会計システム(利用したサービス:freee会計)

 独立にあたって初期段階で帳簿付け用のサービスを検討した辺り、会計士っぽいなという気がします(それが良いことかはともかくとして)。

 大手監査法人で監査業務に従事している場合、クライアントの規模が大きいことが多いので、会計システムというと勘定奉行、オラクル、SAPなどを思い浮かべるのではないでしょうか。

  他方、個人事業主をメインターゲットとした会計システムについてはあまり馴染みがないかもしれません。有名どころでいうと、freee会計、MFクラウド、やよいの青色申告など。
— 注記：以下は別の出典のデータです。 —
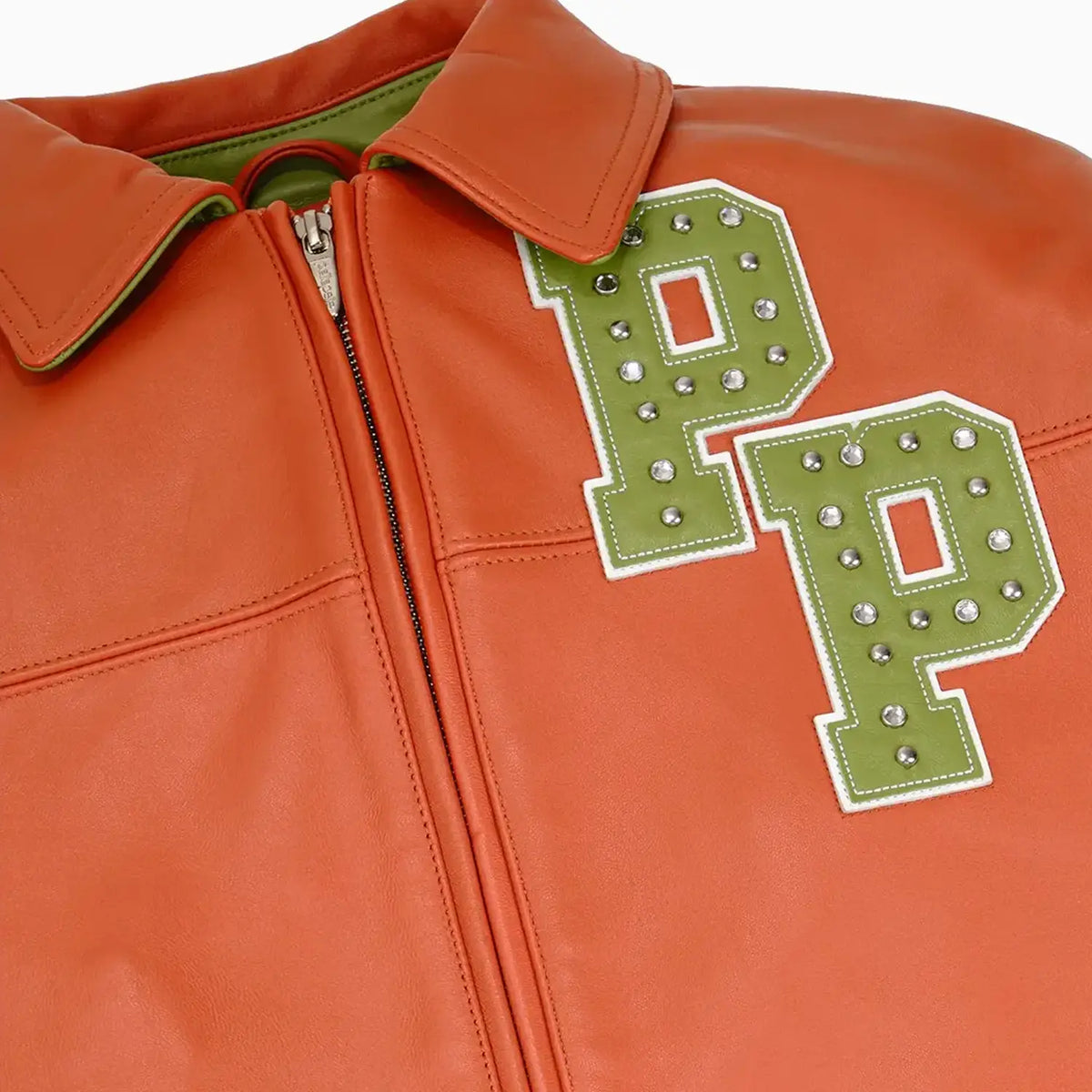 Men's Renegades Leather Jacket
 上で名前を挙げたような会計ソフトには、それぞれ記帳を効率化(自動化)できる仕組みが搭載されています。いずれも一定期間無料で試せるプランが用意されているので、気になる方はそれぞれ登録して触ってみると良いかもしれません。

 私の場合はいくつかの会計ソフトをいじってみましたが、結局freee会計を使うことにしました。各ソフトには、ネットバンキングの明細やクレジットカードのWeb明細と情報を同期し、記帳を自動化する機能があるのですが、その辺りの条件設定を一番細かく設定できそうだったのが決定打でした。

 ちなみに、freee会計では個人事業主であれば980円~/月、法人であれば1980~/月のプランがありますが、これ以外に会計事務所向けのプランというのがあります。要は税務顧問を抱えて税務業務をやっていこうという事務所向けのプランで、一般のプランとはやや機能の範囲や料金体系が異なります。私はこの会計事務所向けプランを契約しています。料金は付帯サービスその他の条件に基づいて個別見積りのようなので詳細は伏せますが、40万円弱/年となっています。
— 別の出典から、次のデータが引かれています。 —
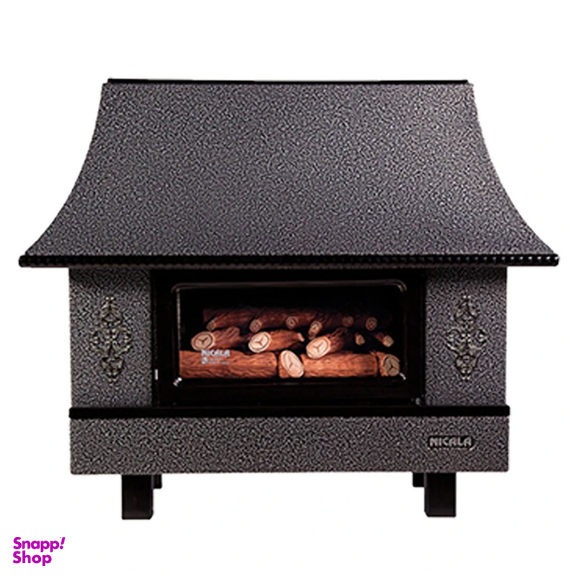 بخاری گازی نیک کالا مدل MC25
 なお、導入ソフトの検討にあたり、クラウドサービス以外の会計ソフトは全て選択肢から外していました。そもそも導入が簡単、コストが安いといった理由もあるのですが、将来必ずクラウド会計ソフトが主流になるという見込みがあったためです。

 個人事業主が利用する会計ソフトに関しては、全体に占めるクラウド会計ソフトの割合が2019年には約20%程度であり、現在(2021年)ではその割合は25%程度まで上昇しているといわれています。

 これは、少なくとも新規に導入される割合として、クラウド会計ソフトの割合が高い、ということだと考えています。ひとまず最初の段階では創業間もない個人事業主ないしは法人をメインターゲットにしよう、という絵もありましたので、その絵にマッチした選択を行ったつもりです。

まとめ

 わざわざ記事タイトルに「①」とつけているのは、思いのほか記事が長くなってしまったためです。ほかにも使ってみて便利だったもの、検討はしたけど導入にはいたらなかったものなどもありますので、別の機会にまたご紹介したいと思います。

 ただ、ツールというのはとにかく使えば効率化するものばかりではありません。特に会計ソフトは顕著ですが、かつての会計ソフトというのは、自社の業務フローに合わせた使い方をする(必要に応じてそのためのツールをカスタマイズをする)という考えのもとで運用されることが多かったようです。

 一方、クラウドサービスを中心としたツール群は、最大限の効率化を発揮するための「正しい使い方」があらかじめ想定されていることが多い、という点で、そもそも設計思想が異なります。ツールの導入にあたっては、それを最大限活用するための業務フローの見直し・設計がセットだ、ということを頭に入れておくことが重要なのだと、記事を書いていて再度思い直した次第です。

 というわけで、今回はツールについての話でした。